Yes, Kirsten! There is room for them all, which I think people will eventually learn, but possibly the hard (and long winding way?) I think a lot of the “saving the world” rhetoric is only helpful once we individually figure out what is right for us vs. what we think we should be doing. Only then can we make changes that, even though they are tiny, can have an impact. But if we do shoulder that burden, it becomes way too much and too hard to handle.
Making will always be a radical act. We were makers before we were consumers. Making gives us insight into what it takes to make stuff…the effort and skill are revealed. Once you know that everything changes.
Yes and yes!
Betsy, I’m with you. Making your own, whether that is growing your own food, cooking your own meals from scratch or stitching & knitting your own clothes, changes your view on everything. It recalibrates our senses, our awareness of time and our value of money. It makes us want to spend time doing other things, whether we commercialise them or not, because using your own skills to meet some of your own need is highly satisfying. (I get more joy from digging up five months’ worth of potatoes from my patio garden & knitting my own sweaters than I ever did from my City job and salary!)

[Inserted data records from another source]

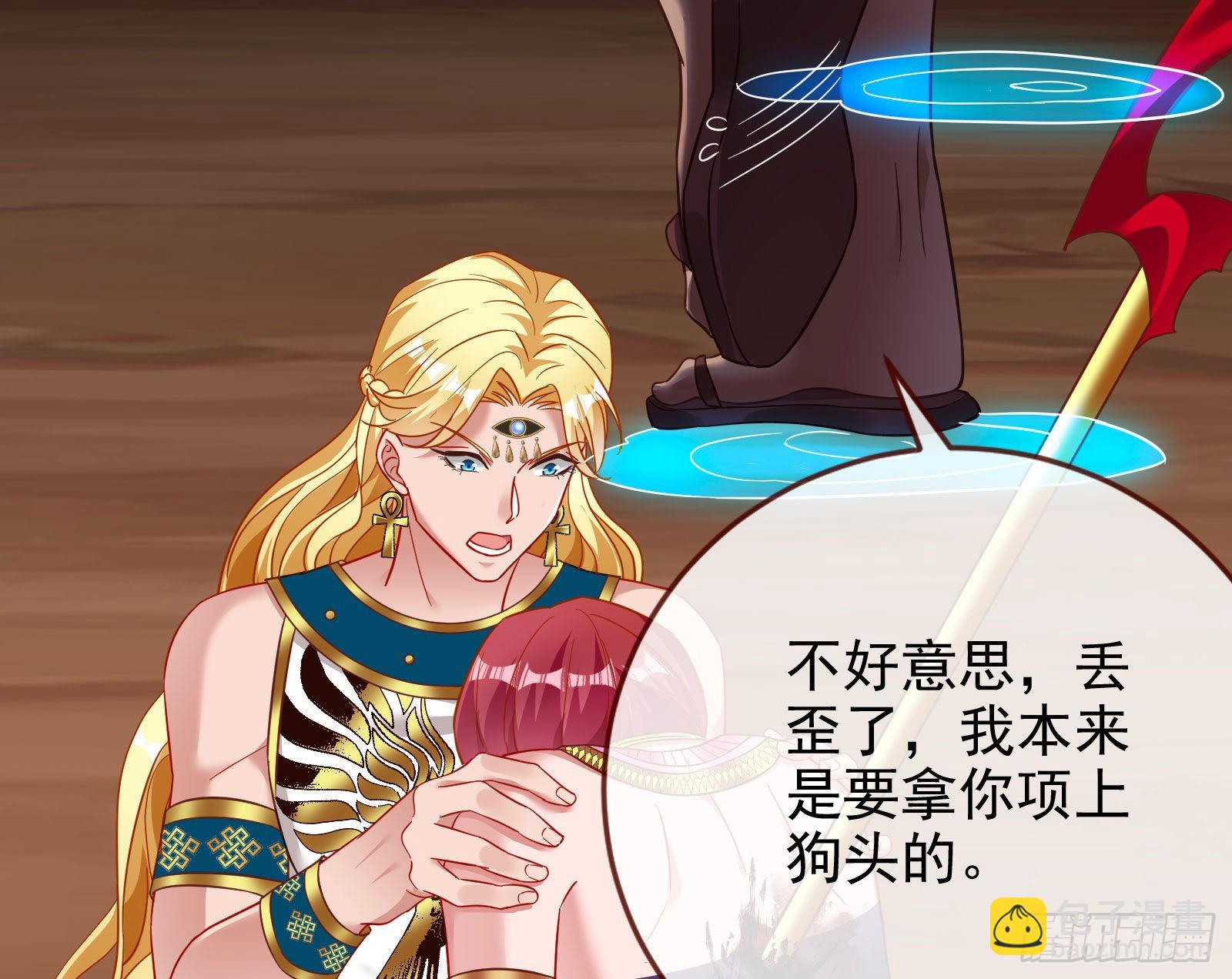分崩离析37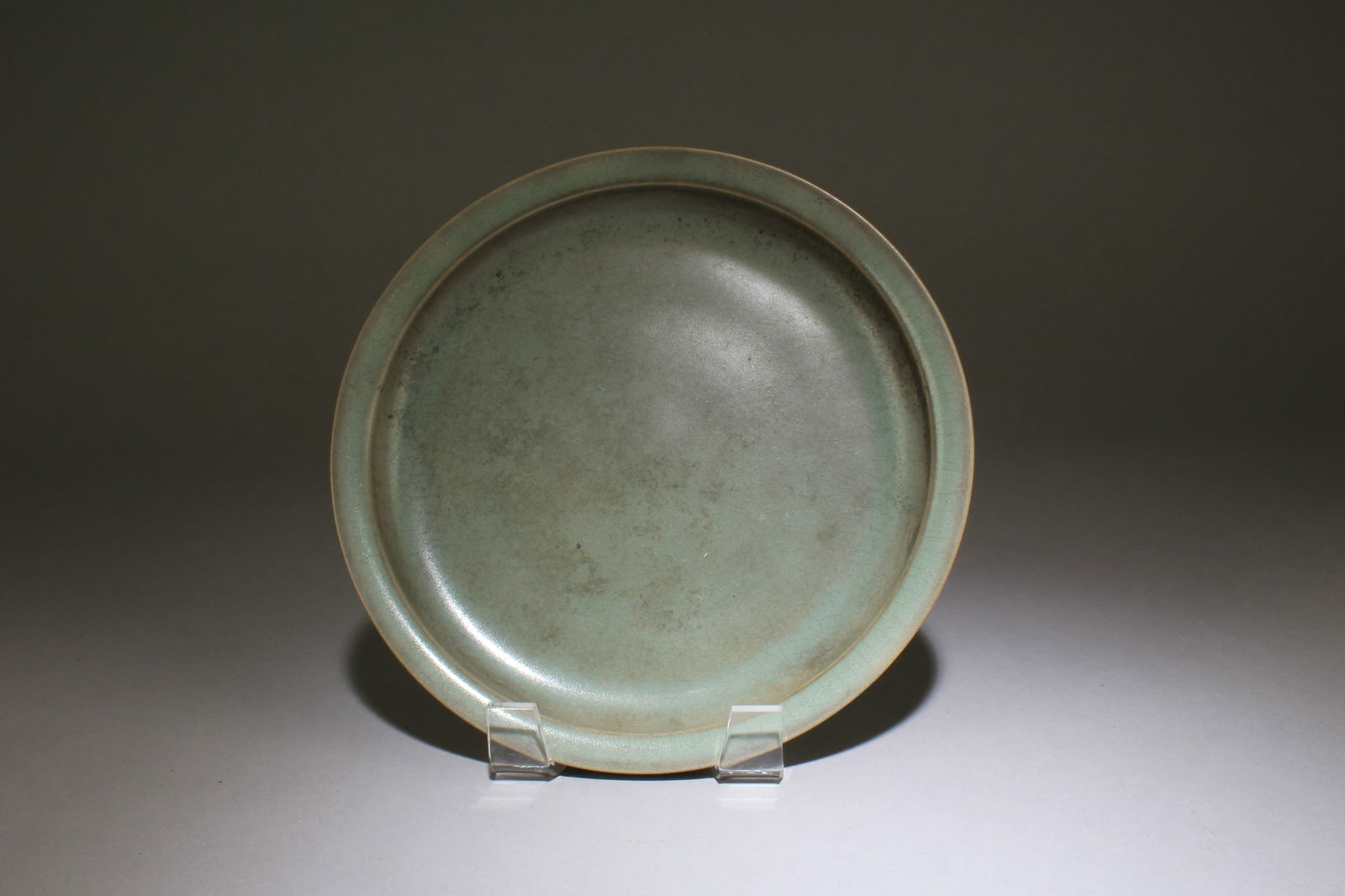 A Ruware Plate (1 of 4)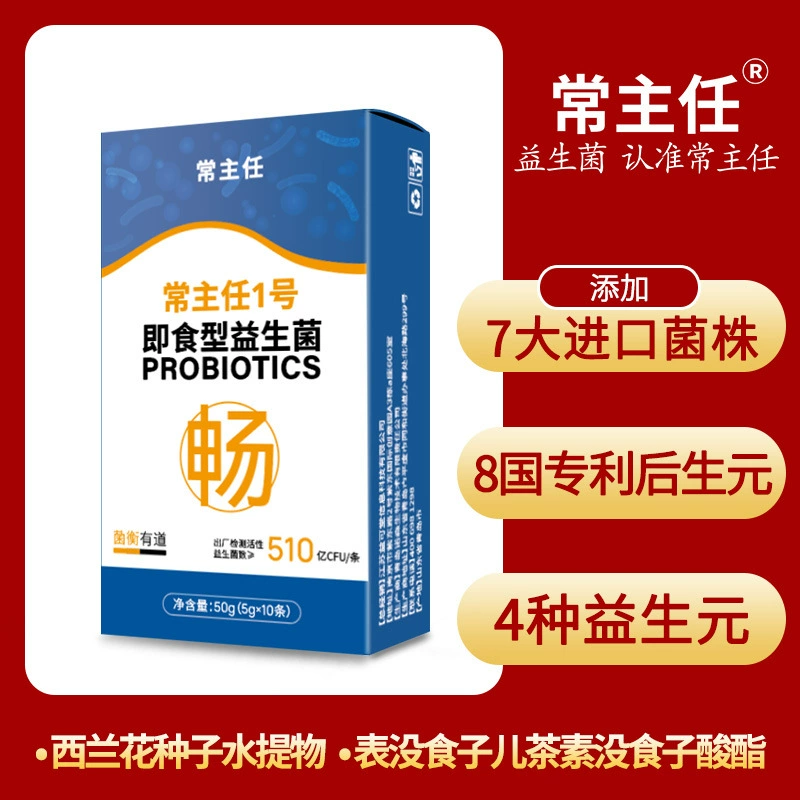 Лилия kangchangwei бренд Пробиотики Порошок Оптом Детские пребиотики составные Пробиотики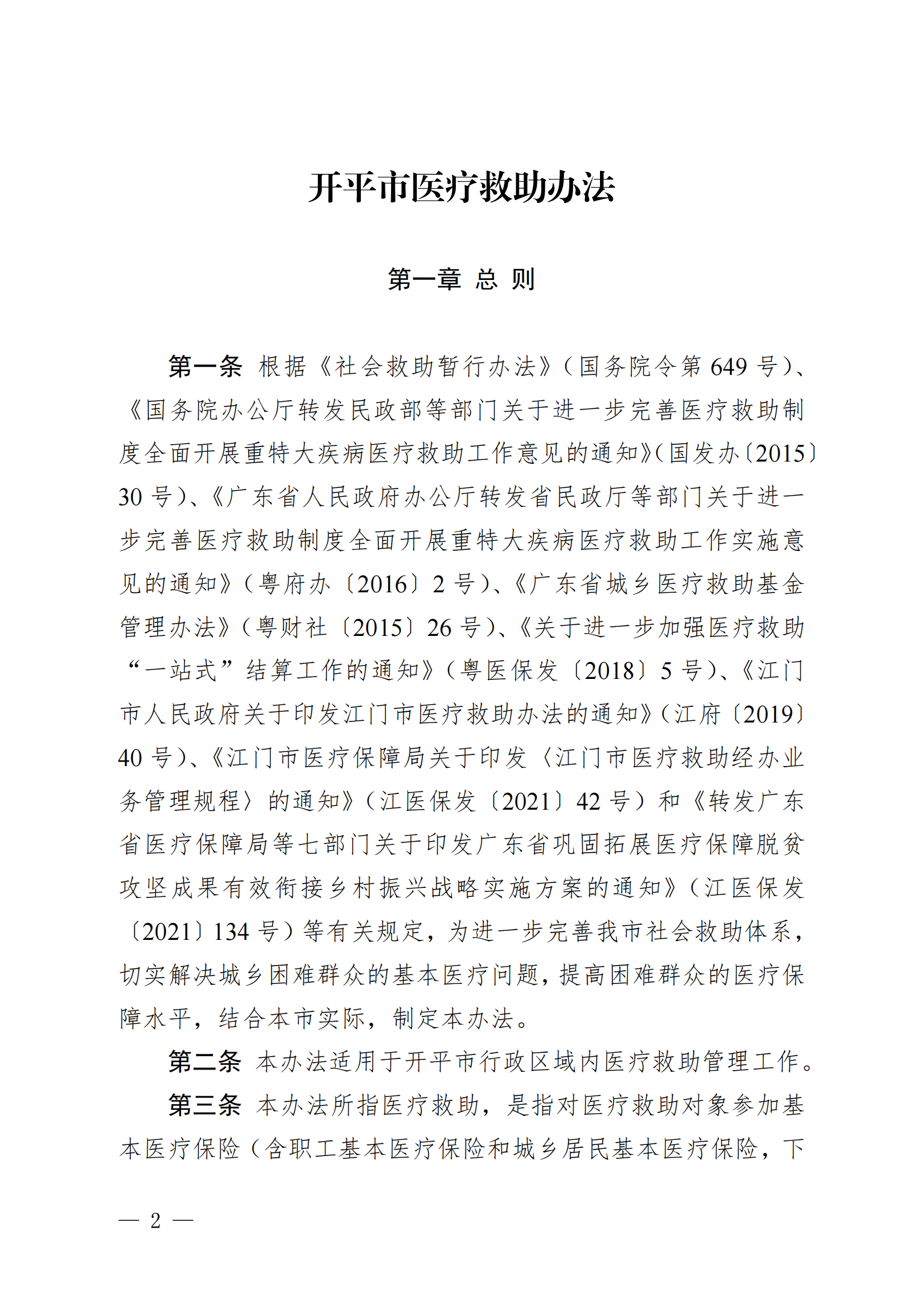 （KPFG2022005）开府〔2022〕9号（开平市人民政府关于印发开平市医疗救助办法的通知）_01.png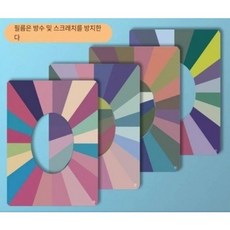 셀프 퍼스널컬러 카드 진단 퍼스널 컬러 테스트 키트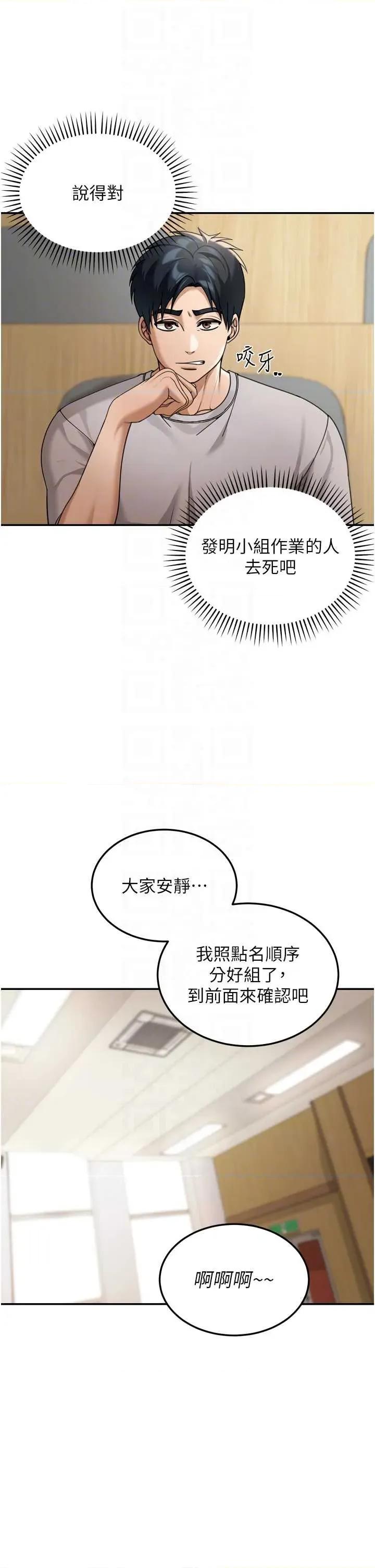 華爾街夜色 華爾街夜色 6 第24页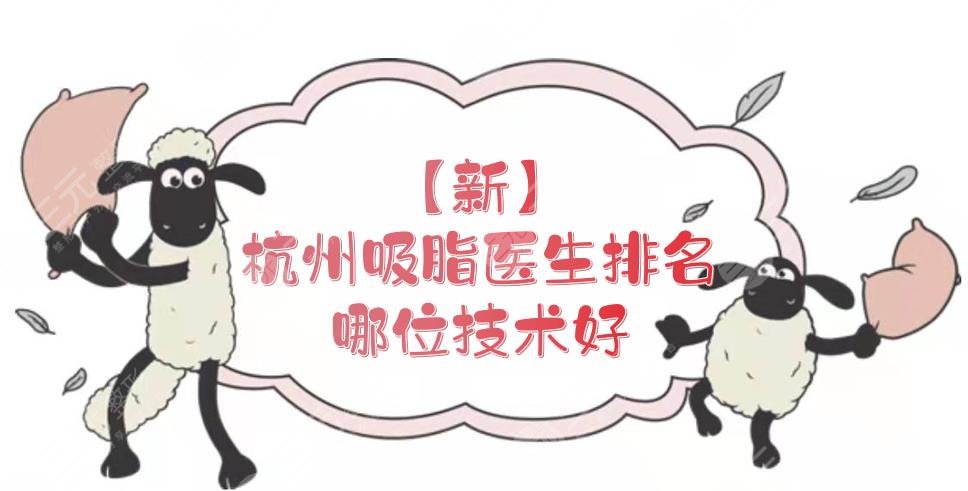 【新】杭州吸脂医生排名|哪位技术好?郭金才|徐靖宏等实力点评!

One of the main reasons why the NYT article fails is it is written from the perspective of changing the world through changing the economy. What the author fails to realise is that the most radical thing we can do is to not look to the economy to create change but to look to our own skills and more of us becoming producers rather than consumers. Yes, we’ll still need to buy, but as you say, when you understand real quality you don’t mind spending an extra £/$ to buy from somebody who produces a quality ingredient/material/product.
“What the author fails to realise is that the most radical thing we can do is to not look to the economy to create change but to look to our own skills and more of us becoming producers rather than consumers.”
YES! I love this, and well said! :) And as you noted, it’s that “recalibration” that’s important and that ripples outward. Sadly, changing the world economy is going to take a lot of work and there is neither a silver bullet nor a wrong way to do it if dialogue creation is involved.